Quantizations of conical symplectic resolutions II: category $\mathcal O$ and symplectic duality
Tom Braden, Anthony Licata, Nicholas Proudfoot, Ben Webster
TL;DR
The paper develops a broad representation-theoretic framework for conical symplectic resolutions by defining and studying category $\mathcal{O}$ in this geometric setting. It establishes intrinsic structures such as highest-weight and (conjectural) Koszul properties for the algebraic and geometric categories $\mathcal{O}_{\!a}$ and $\mathcal{O}_{\!g}$, and introduces twisting and shuffling functors that generate braid-group actions and braid group symmetries on these categories. A central theme is symplectic duality, a Koszul-duality-based correspondence between pairs of resolutions that exchanges twisting and shuffling, with rich cohomological and geometric consequences including identifications of weight spaces via Nakajima/Ginzburg–MV–type constructions and potential connections to mirror-symmetry-like physics. The paper provides extensive examples (cotangent bundles, hypertoric varieties, S3-varieties, quiver varieties, and affine Grassmannian slices) and develops filtrations, cell decompositions, and characteristic-cycle technology that unify and extend known stories in geometric representation theory.

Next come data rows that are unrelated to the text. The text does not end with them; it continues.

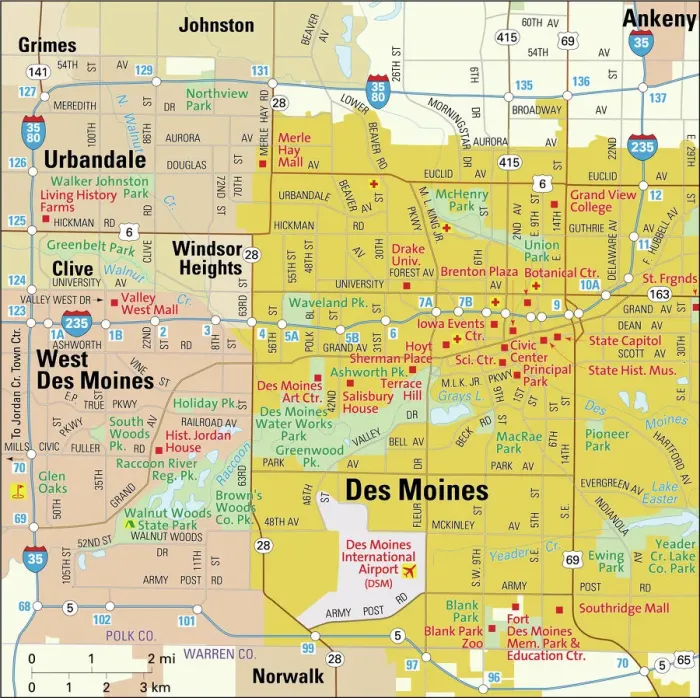 Framed Print : Des Moines Area Map Print - 2010 Edition Reference Maps Framed Print : Des Moines Area Map Print - 2010 Edition Reference Maps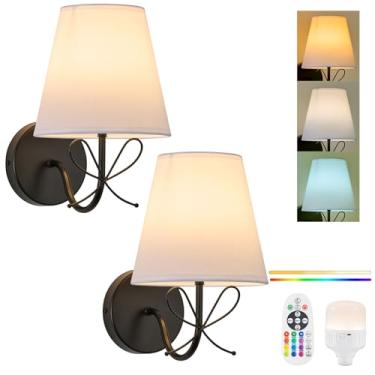 Imagem de PASSICA DECOR Conjunto de 2 arandelas de parede recarregáveis reguláveis com 15 cores, temporizador, controle remoto, arandela para quartos de meninas ou crianças, quarto e sala de estar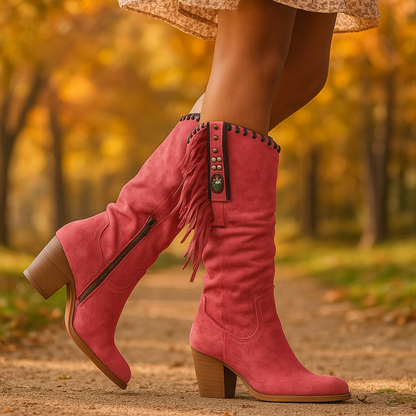 Bottes Suède Femme Mi-Mollet Franges Talon Bloc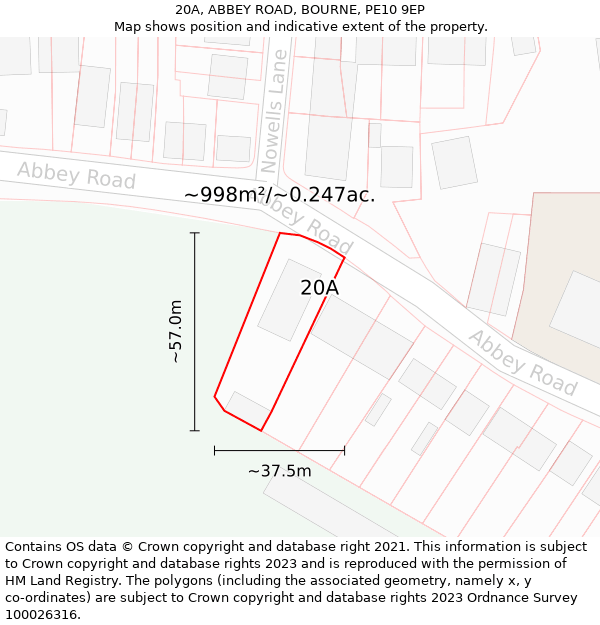 20A, ABBEY ROAD, BOURNE, PE10 9EP: Plot and title map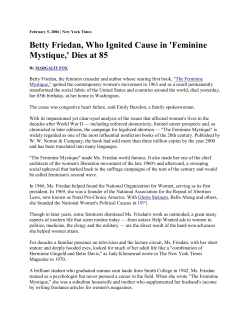 Betty Friedan, Who Ignited Cause in `Feminine Mystique,` Dies at 85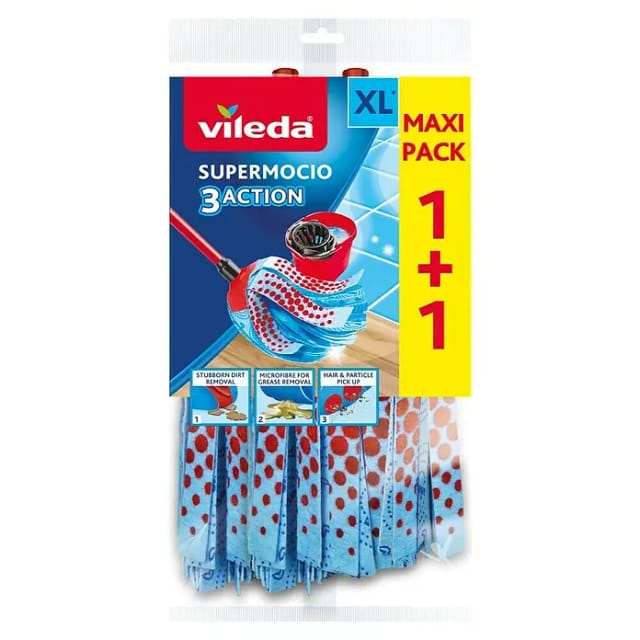 Vileda Ersatzmopp SuperMocio 3xAction Velour 2er-Pack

Losev’s appendix anchors the highest-weight property in one key case, supporting the broad program of linking geometric and representation-theoretic structures through symplectic duality and its cohomological ramifications.
Abstract
We define and study category $\mathcal O$ for a symplectic resolution, generalizing the classical BGG category $\mathcal O$, which is associated with the Springer resolution. This includes the development of intrinsic properties parallelling the BGG case, such as a highest weight structure and analogues of twisting and shuffling functors, along with an extensive discussion of individual examples. We observe that category $\mathcal O$ is often Koszul, and its Koszul dual is often equivalent to category $\mathcal O$ for a different symplectic resolution. This leads us to define the notion of a symplectic duality between symplectic resolutions, which is a collection of isomorphisms between representation theoretic and geometric structures, including a Koszul duality between the two categories. This duality has various cohomological consequences, including (conjecturally) an identification of two geometric realizations, due to Nakajima and Ginzburg/Mirković-Vilonen, of weight spaces of simple representations of simply-laced simple algebraic groups. An appendix by Ivan Losev establishes a key step in the proof that $\mathcal O$ is highest weight.